Stadtumbau Berlin Ost und West  

 

Stadtumbau Ost und West

Aktuelles


Das Kletter-Ei
Die Skaterbahn wurde durch neue Elemente wie den Gurtsteg ergänzt
Herr Nünthel testet als verantwortlicher Stadtrat die Qualität der Geräte

Kiezspinne Frankfurter Allee Süd bekam ein Kletter-Ei

Am Nachbarschaftshaus entstand eine Sport- und Bewegungsfläche für alle Generationen
September 2014

Am 2. September 2014 trafen sich AnwohnerInnen - Kinder, Jugendliche und Senioren - auf der neuen Mehrgenerationen-Spielfläche am Nachbarschaftszentrum Kiezspinne in Lichtenberg zu einem Picknick. Gemeinsam mit Stadtrat Wilfried Nünthel und Planer Svenn Gleue von plateau landschaftsarchitekten feierten sie die endgültige Fertigstellung der Spiel- und Bewegungsangebote. Ein erster Abschnitt war bereits zum Sommerfest der Kiezspinne eröffnet worden.
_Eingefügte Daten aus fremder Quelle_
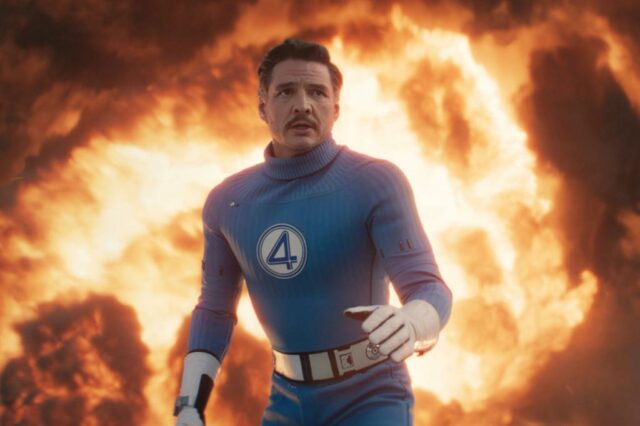 "The Fantastic Four: First Steps" mantém sua liderança nas bilheterias

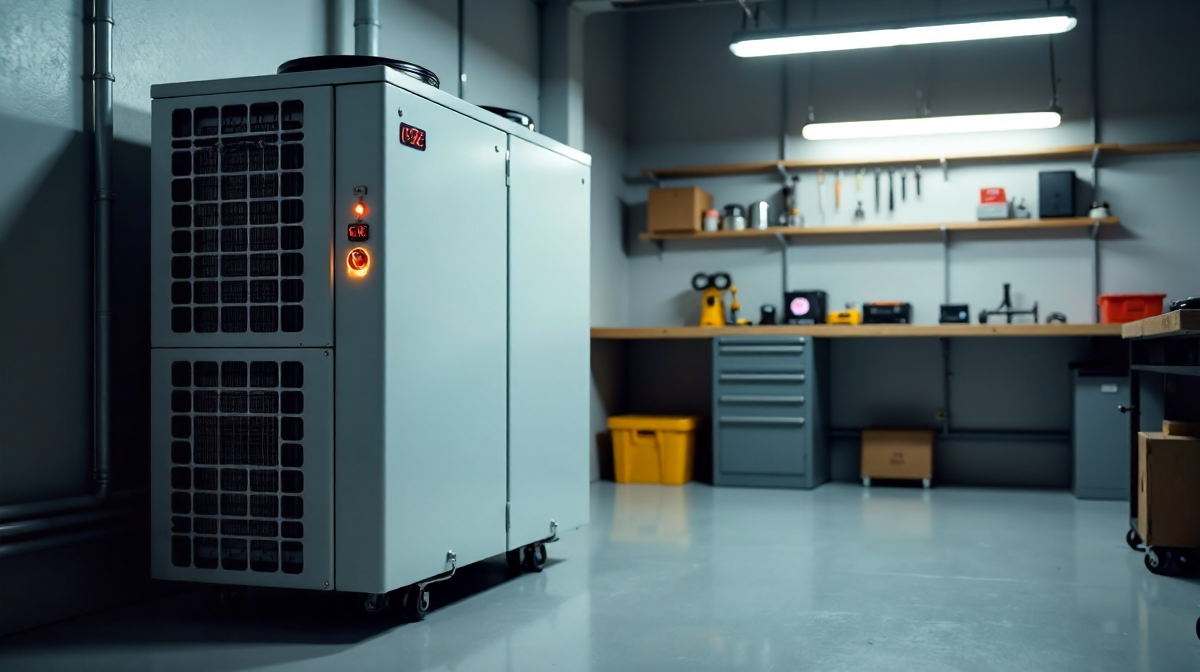 Frühindikatoren für Wärmepumpen: Defekte erkennen, Kosten sparen, Lebensdauer erhöhen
Auch aus den benachbarten Kinder- und Jugendclub "Steinhaus" waren Mitarbeiter und Jugendliche gekommen. Sie waren - wie auch die AG Nachbarschaftshaus der Kiezspinne - schon an den Planungen im vergangenen Jahr beteiligt. Marcel Krüger vom "Steinhaus" freute sich, dass die Ideen und Wünsche der Jugendlichen in die Planungen einbezogen wurden, obwohl der finanzielle Rahmen mit insgesamt 100.000 Euro aus dem Programm Stadtumbau Ost begrenzt war. Frau Zurek vom Umwelt- und Naturschutzamt berichtete vom Planungsprozess, bei dem alle Generationen auch auf die Bedürfnisse der anderen geachtet hätten - so sind wirklich Angebote für alle entstanden, die bereits rege genutzt werden. Teilweise muss man schon anstehen, um eines der sechs Outdoor-Fitnessgeräte zu nutzen. Ebenso beliebt sind auch der Gurtsteg, die Boule-Fläche und das Kletter-Ei - auf Wunsch der Anwohner genau wie das Nachbarschaftshaus in orange gehalten.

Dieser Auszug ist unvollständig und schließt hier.